## PROVIDED INFORMATION
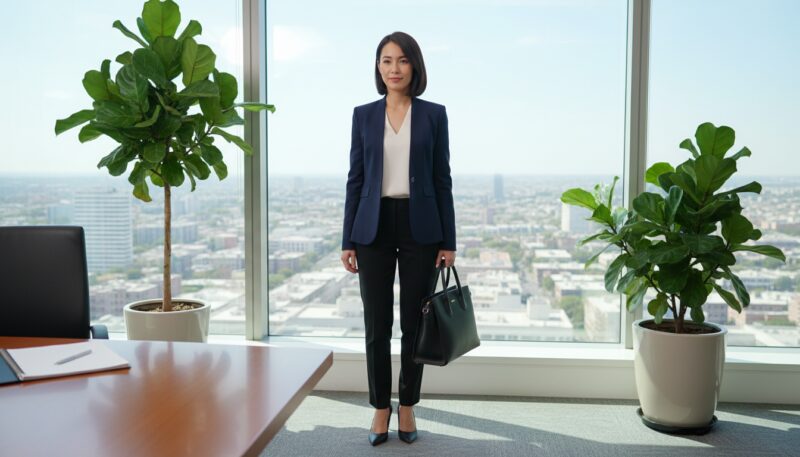 poslovno oblačenje za žene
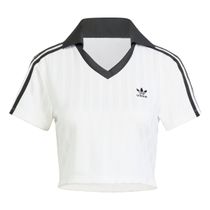 playera corta adidas adicolor mujer jd2608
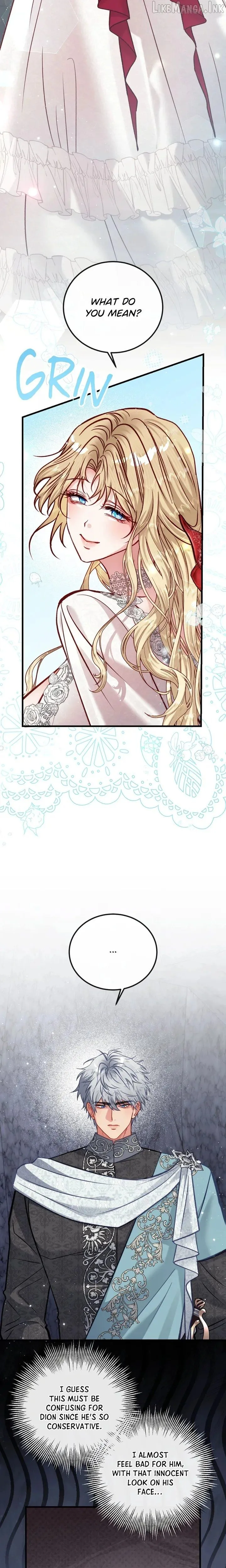 Trapped in a Ruined Reverse Harem Game Chapter 60 page 15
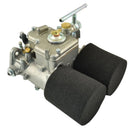 Triple Weber Filter Sock Set 6x - 45 DCOE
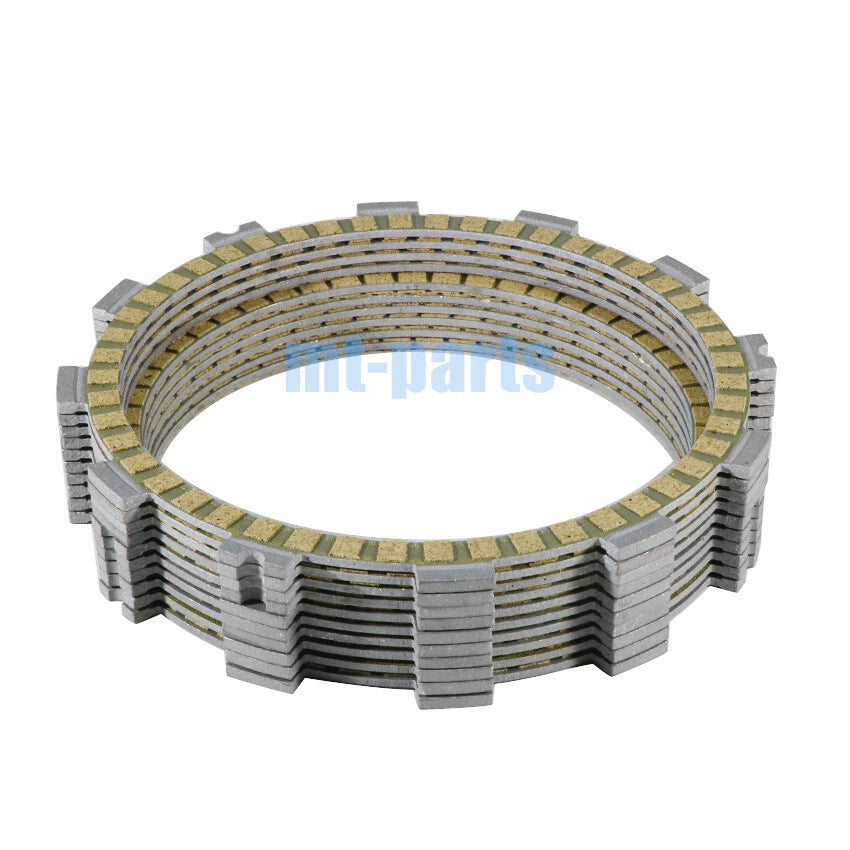 Clutch Friction Plate Kit for Suzuki GSX-S1000 GT (2023-2024), GSX-S1000 S (2022-2024)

## PROBLEM TO SOLVE
Make a verbatim copy of all the entries and strip out the pictures.

## RESPONSE FOR THIS EXERCISE
 poslovno oblačenje za žene
 playera corta adidas adicolor mujer jd2608
 Trapped in a Ruined Reverse Harem Game Chapter 60 page 15
 Triple Weber Filter Sock Set 6x - 45 DCOE
 Clutch Friction Plate Kit for Suzuki GSX-S1000 GT (2023-2024), GSX-S1000 S (2022-2024)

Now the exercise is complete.